There’s so much overlap in the lessons of my personal and entrepreneurial journeys, that I thought I’d take a minute to reflect on these last 19 years, and some of the lessons that came with them.
New Beginnings Are Always Possible
In August of 1998, I was 17 and had just moved out of my mom’s house, across the country, with only a bus ticket and $500. I’d been on my own for a month and a half when I turned 18, and was starting fresh… new life, new place, new beginnings.
In the years that have followed, I’ve worked hard to leave my past behind and continuously reinvent myself. This is less from the artificial pretending I came from different roots place, and more from this hunger to really find out who I really was. I graduated from college twice, first in radio broadcasting, then in client relationship marketing. I built a career in marketing and sales in corporate, re-connected with my spirituality, worked in alternative health, started an aromatherapy business then found myself were I am today, where I feel more aligned than ever.
Without going into too much detail (but it will all be in the book I’ve started writing), had I not gotten on that bus, my life would’ve been drastically different. I have the good fortune to have my very own Sliding Doors moment, I am so grateful that I had the courage to begin, and re-begin, until I found myself where I am now.
It’s okay for others to not understand you.
If you know what you want to do and why, that’s all that matters. I had a lot of resistance from my dad when I wanted to move to BC. He couldn’t figure out why a new start meant moving across the country. When I had my breakdown and had to reevaluate everything in my life, how I expended my energy, even who I spent time with, a lot of people didn’t understand. And it was hard to articulate, since it was more of a knowing, and frankly, self-preservation, than it was an informed decision. When I started integrating the woo into my design business, because creativity wasn’t enough – I wanted to help people live their purpose and it meant living mine, there were peeps left scratching their heads.
Because I am guided by this unshakeable knowing, it’s easy for me to do what I’ve got to do. (Okay, not always EASY, but you know what I mean.) The biggest lie the ego has me believe is “I don’t know”. Beyond the knowing is also a willingness to be on the outside, to not be understood, and to be okay with that. To have the knowing be enough
There’s no such thing as ready.
Try as you might to get every duck in a row, there will always be something you can do, adjust, tweak before it’s perfect. Start before you’re ready. Take the leap, the plunge, whatever other cliche I can throw your way. Don’t let not being ready stop you.
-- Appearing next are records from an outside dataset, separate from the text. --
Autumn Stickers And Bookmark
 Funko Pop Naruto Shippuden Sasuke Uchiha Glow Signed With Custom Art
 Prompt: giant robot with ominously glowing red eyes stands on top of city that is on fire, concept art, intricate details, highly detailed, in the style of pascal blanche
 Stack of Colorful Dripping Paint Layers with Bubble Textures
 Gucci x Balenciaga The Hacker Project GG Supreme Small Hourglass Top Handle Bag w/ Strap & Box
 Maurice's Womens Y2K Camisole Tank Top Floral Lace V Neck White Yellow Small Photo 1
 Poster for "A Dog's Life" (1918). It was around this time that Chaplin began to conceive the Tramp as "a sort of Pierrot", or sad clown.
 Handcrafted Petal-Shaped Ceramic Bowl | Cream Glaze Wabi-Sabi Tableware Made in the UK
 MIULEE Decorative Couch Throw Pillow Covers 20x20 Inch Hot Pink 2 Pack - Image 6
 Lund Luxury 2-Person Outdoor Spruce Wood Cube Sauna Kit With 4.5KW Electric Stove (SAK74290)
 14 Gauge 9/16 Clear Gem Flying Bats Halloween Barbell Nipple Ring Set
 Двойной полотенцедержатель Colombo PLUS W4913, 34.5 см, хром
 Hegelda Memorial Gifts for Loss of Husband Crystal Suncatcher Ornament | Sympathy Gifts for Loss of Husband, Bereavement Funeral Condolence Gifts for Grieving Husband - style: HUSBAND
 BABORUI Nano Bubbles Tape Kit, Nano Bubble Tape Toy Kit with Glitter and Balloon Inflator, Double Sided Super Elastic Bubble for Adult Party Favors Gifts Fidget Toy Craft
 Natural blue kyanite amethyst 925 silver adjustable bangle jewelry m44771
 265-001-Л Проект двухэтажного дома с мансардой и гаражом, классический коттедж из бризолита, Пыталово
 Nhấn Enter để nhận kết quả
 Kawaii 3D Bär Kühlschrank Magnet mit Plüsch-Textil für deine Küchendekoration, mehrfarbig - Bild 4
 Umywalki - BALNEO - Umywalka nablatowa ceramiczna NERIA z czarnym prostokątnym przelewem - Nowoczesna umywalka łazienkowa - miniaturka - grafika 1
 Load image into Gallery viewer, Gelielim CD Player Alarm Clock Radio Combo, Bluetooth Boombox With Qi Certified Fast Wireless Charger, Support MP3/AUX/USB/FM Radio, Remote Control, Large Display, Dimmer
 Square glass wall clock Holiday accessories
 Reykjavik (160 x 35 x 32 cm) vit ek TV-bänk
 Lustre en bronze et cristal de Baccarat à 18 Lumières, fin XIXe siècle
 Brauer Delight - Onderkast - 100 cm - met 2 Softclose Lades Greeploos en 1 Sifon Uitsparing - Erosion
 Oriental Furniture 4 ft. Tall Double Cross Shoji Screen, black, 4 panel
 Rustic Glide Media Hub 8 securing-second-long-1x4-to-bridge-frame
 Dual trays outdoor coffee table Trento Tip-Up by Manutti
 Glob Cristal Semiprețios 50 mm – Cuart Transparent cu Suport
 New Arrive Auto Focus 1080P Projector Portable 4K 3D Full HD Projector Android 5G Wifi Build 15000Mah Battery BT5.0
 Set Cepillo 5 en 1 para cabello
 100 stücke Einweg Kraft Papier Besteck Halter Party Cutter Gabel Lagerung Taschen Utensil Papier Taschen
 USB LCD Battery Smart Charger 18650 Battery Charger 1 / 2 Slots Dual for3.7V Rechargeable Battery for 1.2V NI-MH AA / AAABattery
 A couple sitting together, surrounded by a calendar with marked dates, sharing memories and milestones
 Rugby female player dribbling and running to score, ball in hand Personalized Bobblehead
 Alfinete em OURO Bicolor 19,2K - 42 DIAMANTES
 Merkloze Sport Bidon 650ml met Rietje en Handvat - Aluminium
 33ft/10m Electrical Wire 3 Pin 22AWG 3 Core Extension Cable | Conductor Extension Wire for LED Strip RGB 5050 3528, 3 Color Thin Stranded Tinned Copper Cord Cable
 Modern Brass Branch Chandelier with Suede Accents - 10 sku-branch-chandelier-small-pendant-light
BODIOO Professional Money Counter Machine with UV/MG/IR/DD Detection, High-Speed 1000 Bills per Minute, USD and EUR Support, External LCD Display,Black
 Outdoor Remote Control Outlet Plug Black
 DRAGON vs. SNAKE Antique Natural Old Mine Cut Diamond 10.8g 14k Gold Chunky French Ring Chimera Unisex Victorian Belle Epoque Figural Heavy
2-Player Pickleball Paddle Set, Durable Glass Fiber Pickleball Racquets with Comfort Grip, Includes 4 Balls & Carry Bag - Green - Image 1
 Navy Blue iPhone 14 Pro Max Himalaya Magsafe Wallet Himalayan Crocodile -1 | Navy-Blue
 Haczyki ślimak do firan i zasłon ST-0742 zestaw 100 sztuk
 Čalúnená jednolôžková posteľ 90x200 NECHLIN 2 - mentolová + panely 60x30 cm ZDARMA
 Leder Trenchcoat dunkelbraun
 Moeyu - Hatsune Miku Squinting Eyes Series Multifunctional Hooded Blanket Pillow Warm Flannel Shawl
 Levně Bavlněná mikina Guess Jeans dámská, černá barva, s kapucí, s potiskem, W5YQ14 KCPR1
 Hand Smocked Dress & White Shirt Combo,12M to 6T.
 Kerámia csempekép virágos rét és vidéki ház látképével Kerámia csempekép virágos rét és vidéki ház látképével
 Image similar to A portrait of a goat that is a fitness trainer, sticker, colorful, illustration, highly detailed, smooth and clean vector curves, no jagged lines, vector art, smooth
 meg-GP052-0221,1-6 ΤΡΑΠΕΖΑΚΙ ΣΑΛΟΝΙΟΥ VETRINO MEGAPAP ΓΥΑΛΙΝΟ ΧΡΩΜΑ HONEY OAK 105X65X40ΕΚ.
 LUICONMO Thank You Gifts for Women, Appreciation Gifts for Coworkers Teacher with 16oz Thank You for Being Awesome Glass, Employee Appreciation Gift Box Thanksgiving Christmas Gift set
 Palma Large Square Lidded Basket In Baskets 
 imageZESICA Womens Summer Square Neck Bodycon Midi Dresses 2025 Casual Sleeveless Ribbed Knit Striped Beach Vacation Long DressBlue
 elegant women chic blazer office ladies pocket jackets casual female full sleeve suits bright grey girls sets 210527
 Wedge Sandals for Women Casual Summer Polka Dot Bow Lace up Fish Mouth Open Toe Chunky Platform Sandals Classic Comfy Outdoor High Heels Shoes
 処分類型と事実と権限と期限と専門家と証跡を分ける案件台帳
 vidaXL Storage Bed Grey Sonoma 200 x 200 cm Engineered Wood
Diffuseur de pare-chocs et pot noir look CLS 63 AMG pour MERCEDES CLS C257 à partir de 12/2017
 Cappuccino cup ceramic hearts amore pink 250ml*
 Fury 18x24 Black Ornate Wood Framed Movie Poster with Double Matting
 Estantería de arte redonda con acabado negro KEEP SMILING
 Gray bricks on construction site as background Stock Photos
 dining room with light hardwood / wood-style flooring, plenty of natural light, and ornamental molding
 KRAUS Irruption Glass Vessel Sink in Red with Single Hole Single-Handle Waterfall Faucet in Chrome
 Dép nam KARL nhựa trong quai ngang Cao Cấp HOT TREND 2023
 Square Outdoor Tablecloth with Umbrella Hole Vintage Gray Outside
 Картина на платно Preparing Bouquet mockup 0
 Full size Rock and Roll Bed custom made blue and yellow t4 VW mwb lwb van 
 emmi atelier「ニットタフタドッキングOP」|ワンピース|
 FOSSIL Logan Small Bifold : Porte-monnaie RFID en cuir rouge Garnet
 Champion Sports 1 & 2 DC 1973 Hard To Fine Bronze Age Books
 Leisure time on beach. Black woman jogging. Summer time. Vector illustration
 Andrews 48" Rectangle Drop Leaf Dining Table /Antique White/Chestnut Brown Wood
Let me be clear, this is not advice to be reckless. I’m not saying throw away your job with no savings and hope for the best, or gamble your rent money because you think today’s your day to win the lottery. I’m saying to not let perfection stop you from taking the first step.
Was a 3-day bus trip with only $500 the wisest way to start a move across the country? Hell no. But it was sadly, better than the alternative. When I started my aromatherapy business, I spent wayyyy too much money on making it perfect. I invested in professional packaging, heat and pressure seals, custom printing and so on. And now, years later, my cupboard is still full of packaging that never turned into product for sale. (I’m actually giving a ton away right now so I can close this chapter for good). You don’t need the perfect website, the expensive letterhead, and the high end coach to get started. I’ve witnessed SO MANY WOMEN hold off moving forward because they’re busy tweaking their fucking logos. Your clients don’t give a shit about your logo, they care about how you’re going to help. Don’t let your fear of failure or success, disguised as unreadiness, get in the way of helping your people.
You Are Good. You Are Worthy. You Are Deserving.
Full disclosure: this isn’t a lesson I’ve learned just over the last 19 years. I think worthiness is the biggest life lesson I’ve had for this entire lifetime. And some days I’ve learned it better than others, because I’m human, and life happens – we’re all works in progress.
There is nothing quite so vulnerable as starting a business. And if you don’t become an overnight success, there is nothing that will trigger feelings of unworthiness faster. It’s one of those things that’s so obvious on the outside, I saw it in my brain clients, and I see it in my coaching clients today, but when it’s you? When it’s YOUR feelings of unworthiness flaring up, it can be hard to be objective.
Your sales, your followers, your post engagement do not define you.
You are not any less worthy of love and joy if you don’t make the sale, land the big client, break records.
You are a child of the Divine, and that is more than enough to make you worthy and deserving. I promise.
There’s of course more I could add… 19 years is over half my life. There will be more in my book (due out sometime in the NEXT 19 years, hahaha), but this is it for now. From now until Monday, I’ll be spending time thinking about what I want to let go of to start this next chapter so fresh and so clean, clean. Then I’m gonna BURN it all down… cause fire’s my favourite way to transmute mucky mojo – especially on a full moon.